Try it
The entries below contain a line with "パーク ホテル スタラ" and a line with "Casa Espetacular no". Retype exactly everything from the first down to the second, both included, and nothing else.

Records to use
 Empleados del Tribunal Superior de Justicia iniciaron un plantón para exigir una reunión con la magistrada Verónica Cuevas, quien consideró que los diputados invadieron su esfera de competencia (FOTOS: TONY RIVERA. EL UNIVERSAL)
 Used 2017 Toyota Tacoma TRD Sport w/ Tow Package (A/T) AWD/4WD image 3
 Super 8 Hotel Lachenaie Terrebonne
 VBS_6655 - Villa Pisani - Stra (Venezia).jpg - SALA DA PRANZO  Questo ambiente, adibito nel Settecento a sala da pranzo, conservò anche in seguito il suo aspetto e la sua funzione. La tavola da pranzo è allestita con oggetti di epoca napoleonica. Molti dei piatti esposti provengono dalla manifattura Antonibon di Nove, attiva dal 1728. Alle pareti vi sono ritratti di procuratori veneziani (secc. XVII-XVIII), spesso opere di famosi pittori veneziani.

...

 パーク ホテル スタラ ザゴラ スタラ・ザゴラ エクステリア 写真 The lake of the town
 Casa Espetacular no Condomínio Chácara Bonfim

--

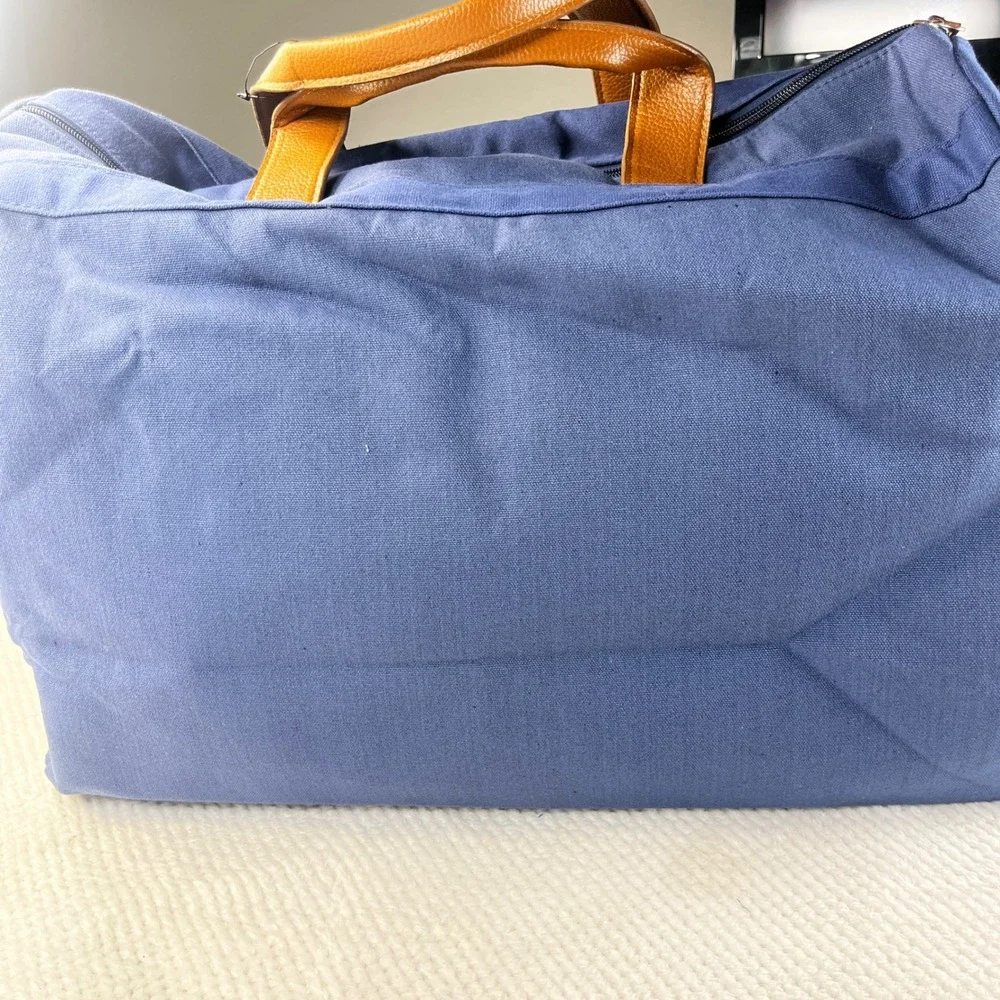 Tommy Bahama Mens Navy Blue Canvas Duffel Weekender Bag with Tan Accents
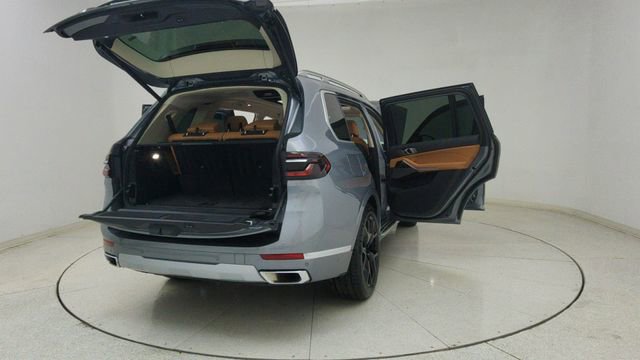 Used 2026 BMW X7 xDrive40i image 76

Answer to this exercise
 パーク ホテル スタラ ザゴラ スタラ・ザゴラ エクステリア 写真 The lake of the town
 Casa Espetacular no Condomínio Chácara Bonfim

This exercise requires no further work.